What Could Make Simon Cowell Cry?

Simon Cowell is best known for his blunt and often controversial statements to contestants over the year’s as a judge on a variety of shows such as, American Idol, The X Factor and Britain’s and America’s Got Talent.

His famous line and the title of his book, “I don’t mean to be rude, but…”, is often followed by harsh and cutting insults to contestants about their abilities, or lack thereof. 

So how is a no-nonsense and harsh personality who is unphased by the crowds opinion, moved to tears?

It all started this past June when a singer and adoptive dad named, Michael Ketterer, stood on the stage to audition for America’s Got Talent.
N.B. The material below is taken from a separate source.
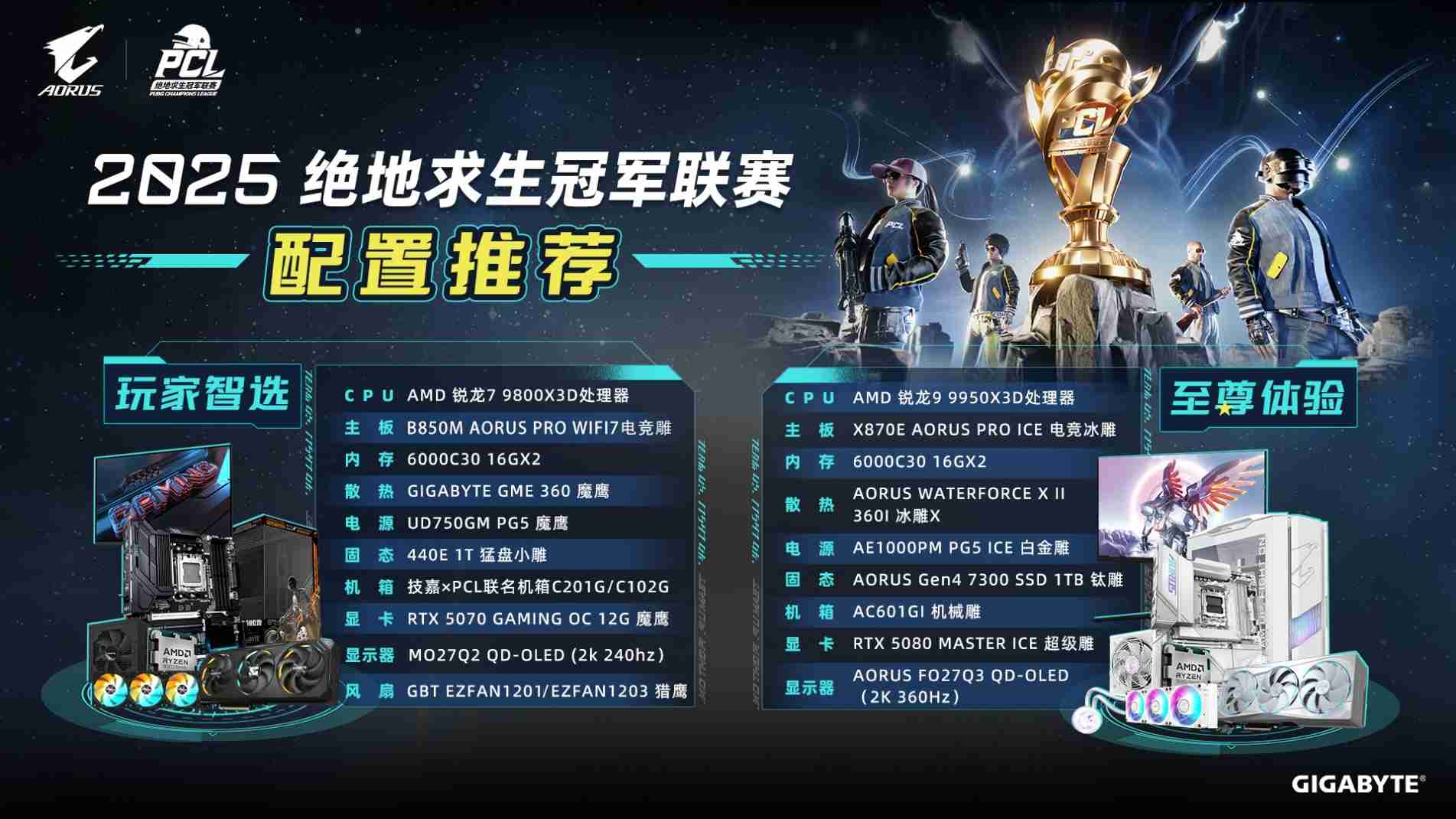 技嘉AORUS电竞主机联名PCL:助力畅快吃鸡体验!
He not only looked very nervous, he admitted he was very nervous.

Watch Ketterer Family Story

As Simon Cowell began to address Ketterer, he asked, what is the ambition or dream for you being here?

Ketterer responded,

“My family is the reason why I am here. My wife and my six children. One of the things that happens, especially because my children came out of foster care, when you’re surviving, you can’t dream. That has been one of the most rewarding things is providing them with a home and a safe environment where they are free to dream. I am here because I want to show that if their dad can live out his dreams, there is nothing impossible for them.”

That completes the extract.